I have to say, your humor through this situation is admirable.


----------



## boba (May 23, 2003)

Has DISH given a date when service will be terminated?


----------



## Inkosaurus (Jul 29, 2011)

> There didn't seem to be anyone who was concerned about the issues. It seemed that there job was to be "No" people. Most CSR's seemed willing to help. No one on the ERT had that attitude, with me. I suppose I was on a "black list" of some kind...


The big difference here is the CSR's calls get randomly recorded 
Once you go above the CSR level (be it frontline, loyalty or advanced tech/Dr. Dish) and speak to supervisor+ level agents you always run the chance of running into someone whos been there long enough to know there not getting recorded. 
When I worked there, I used to hear a loyalty supervisor drop F-Bombs to customers if they agitated her enough lol.
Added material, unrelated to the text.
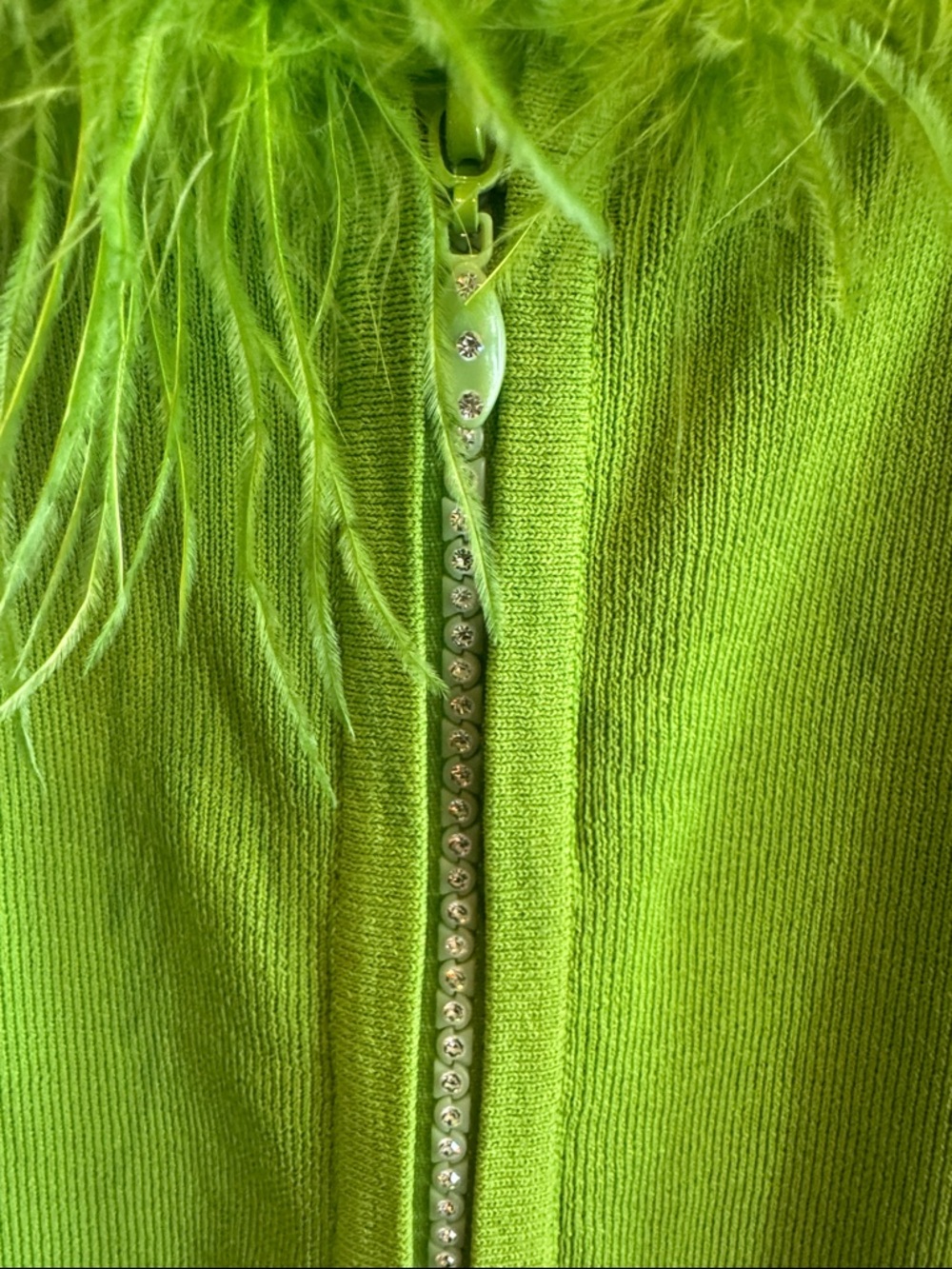 Y2K Lime Green Feather Trim Zip Cardigan - Picture 4 of 6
So I doubt you were on a "black list" Im pretty sure they just didnt care.
About there "suggestions", the recording thing is them grasping at straws to make up an excuse to get you off there call.

The "leaving it off" thing while a bit exaggerated actually has basis in truth. It is definitely recommended to atleast power down your receiver every now and again. Though for a minimum of 1 minute (for a full power down). Anything beyond that is over kill and makes no difference unless your wanting to let it cool off.
Theres a reason why front line CSR's always ask if you have powered it down recently, and thats because habitual powering down of Receivers can extend there lifetime greatly.
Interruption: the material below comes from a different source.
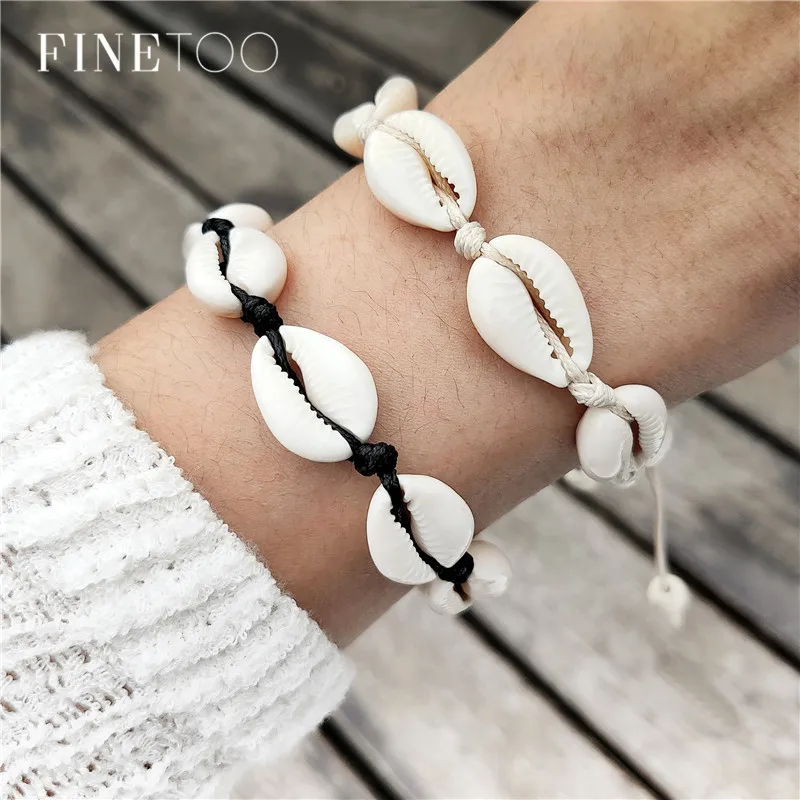 

Boho Ocean Beach Cowrie Shell Charm Bracelets for Women Pulseras Mujer Adjustable Handmade Braided Macrame Seashell Bracelet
> I got the impression that the ERT was comprised of people who they couldn't let go for some reason and had to have a place to put them. You know - can't fire them so you promote them.
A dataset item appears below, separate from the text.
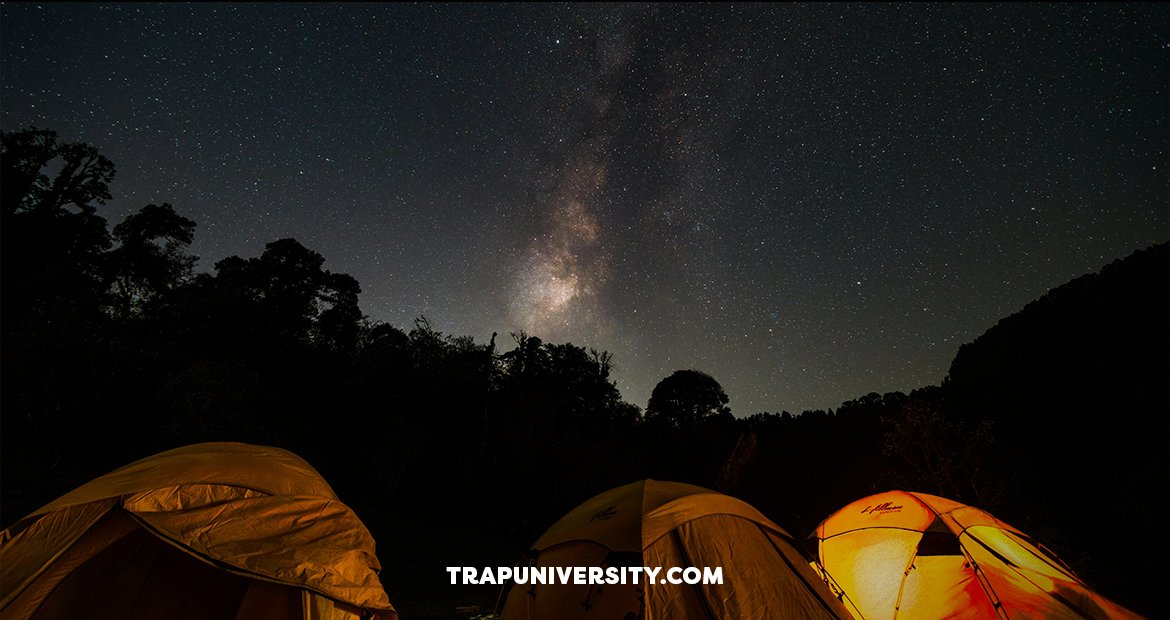 perfect evening vibe starlight camping night sky outdoor experience tents under stars sensory atmosphere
:lol: If only lol. ERT is generally filled with agents who have been there atleast a year and were probably either supervisors or CSS (basically supervisors without teams under them).
They *can* be really helpful but like you have experienced there are always going to be people there who dont care and that department makes it really easy for them not to.


----------



## wyy183 (Sep 20, 2012)

boba said:


> Has DISH given a date when service will be terminated?


According to the letter that I received, the date has passed...

I guess they haven't been able to send a "hit" to it to shut it down yet. 

They are supposed to send box(es) for return. No box(es) have arrived yet.

According to My Account info on-line, I'm still active.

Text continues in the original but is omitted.